■ What to work on:
Please write out only the lines from the line with "Personalised Taiwan Family" to the line with "Coral sleeveless turtle", inclusive, exactly as they stand below, without the pictures.

■ Excerpted data:
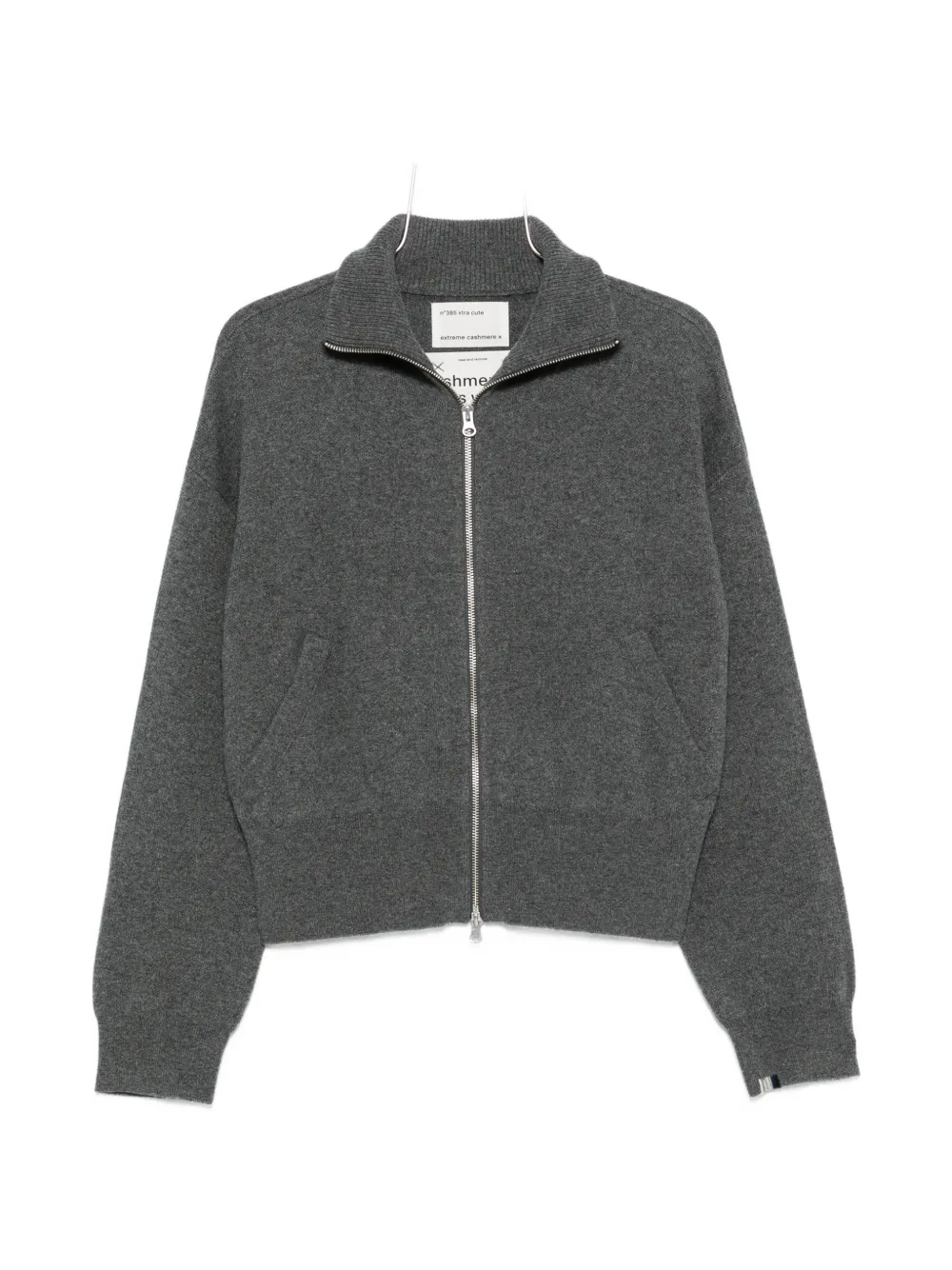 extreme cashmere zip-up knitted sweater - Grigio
---
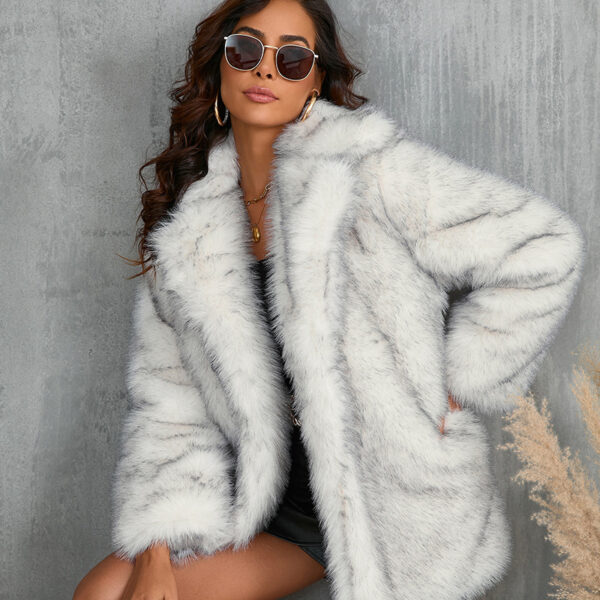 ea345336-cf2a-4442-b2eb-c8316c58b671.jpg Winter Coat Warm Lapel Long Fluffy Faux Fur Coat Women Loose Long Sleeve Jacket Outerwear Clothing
* * *
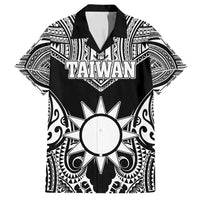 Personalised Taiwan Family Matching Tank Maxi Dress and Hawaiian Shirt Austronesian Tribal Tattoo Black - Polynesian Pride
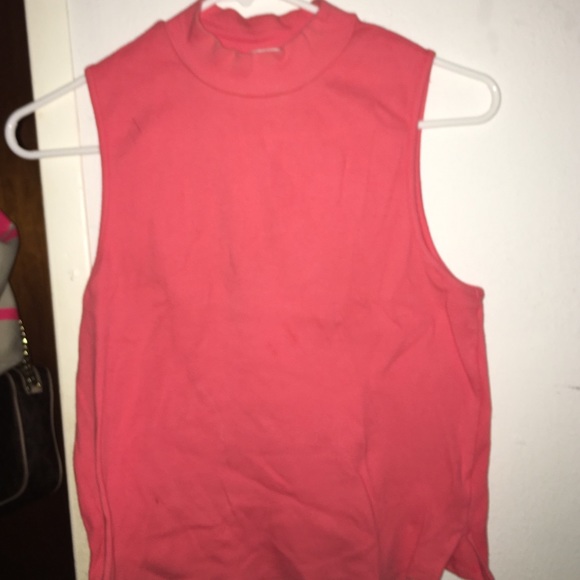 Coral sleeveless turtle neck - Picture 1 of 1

■ Reply:
 Personalised Taiwan Family Matching Tank Maxi Dress and Hawaiian Shirt Austronesian Tribal Tattoo Black - Polynesian Pride
 Coral sleeveless turtle neck - Picture 1 of 1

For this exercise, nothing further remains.